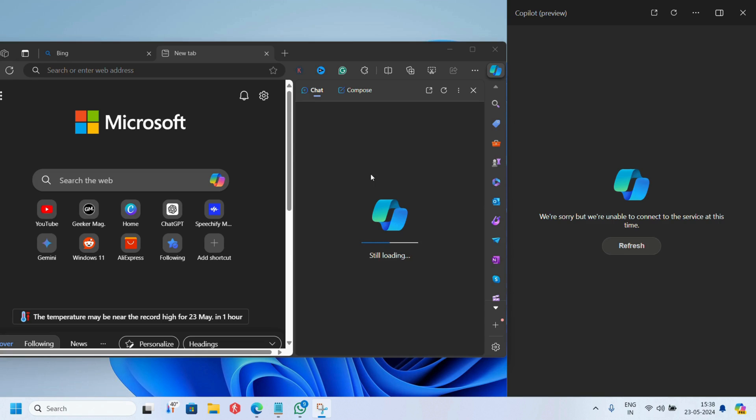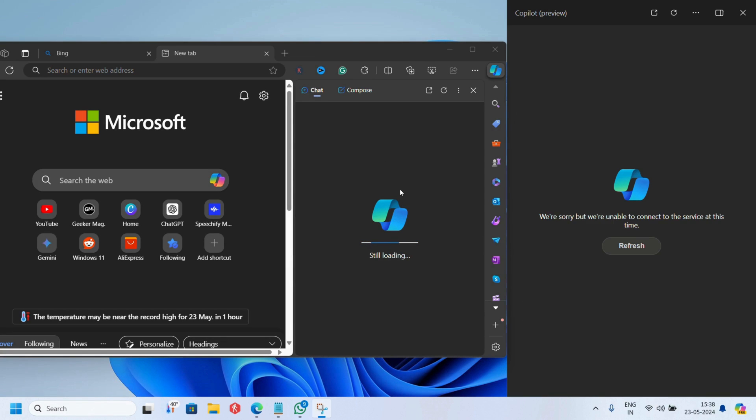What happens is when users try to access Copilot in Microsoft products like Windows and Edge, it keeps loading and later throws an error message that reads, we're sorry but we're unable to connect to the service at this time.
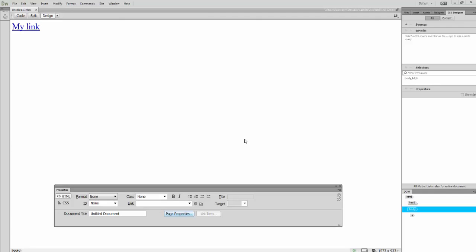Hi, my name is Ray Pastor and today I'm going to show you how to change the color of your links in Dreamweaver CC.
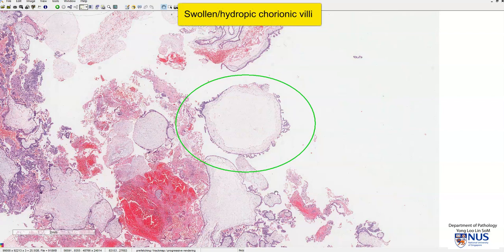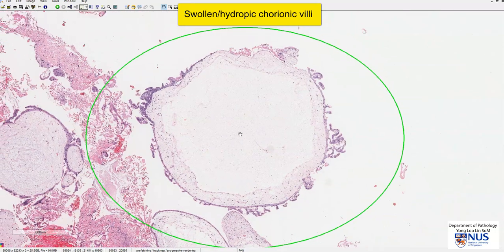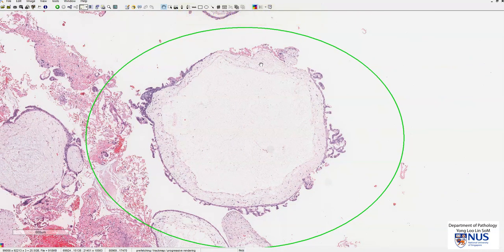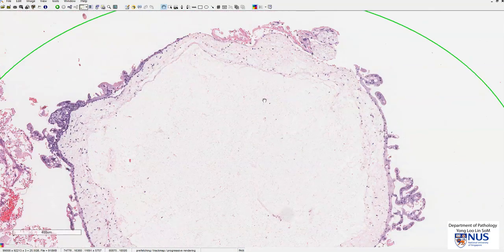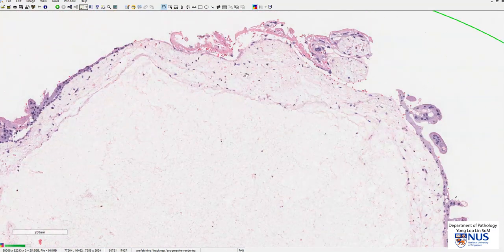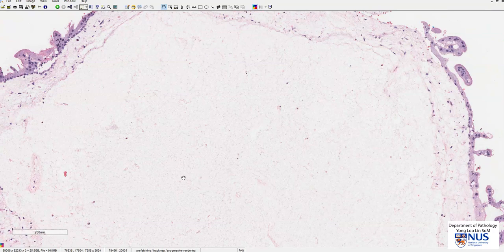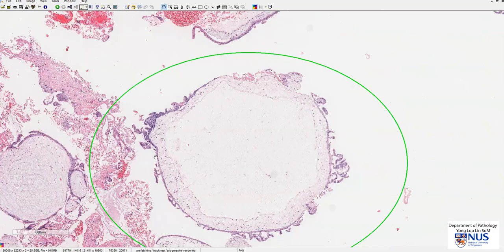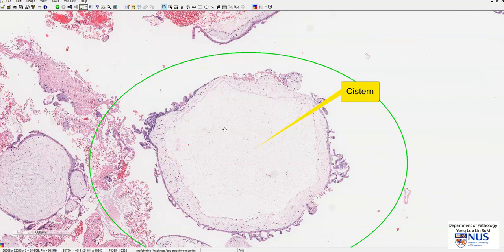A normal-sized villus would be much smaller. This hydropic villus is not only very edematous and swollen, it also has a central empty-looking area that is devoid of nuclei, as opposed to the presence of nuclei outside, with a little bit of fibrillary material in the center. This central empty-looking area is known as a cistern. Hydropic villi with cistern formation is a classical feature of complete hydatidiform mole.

Problem details: Everything in the listing above must be retyped exactly, except for the pictures.

Solution to the problem:
What happens is when users try to access Copilot in Microsoft products like Windows and Edge, it keeps loading and later throws an error message that reads, we're sorry but we're unable to connect to the service at this time.
Hi, my name is Ray Pastor and today I'm going to show you how to change the color of your links in Dreamweaver CC.
A normal-sized villus would be much smaller. This hydropic villus is not only very edematous and swollen, it also has a central empty-looking area that is devoid of nuclei, as opposed to the presence of nuclei outside, with a little bit of fibrillary material in the center. This central empty-looking area is known as a cistern. Hydropic villi with cistern formation is a classical feature of complete hydatidiform mole.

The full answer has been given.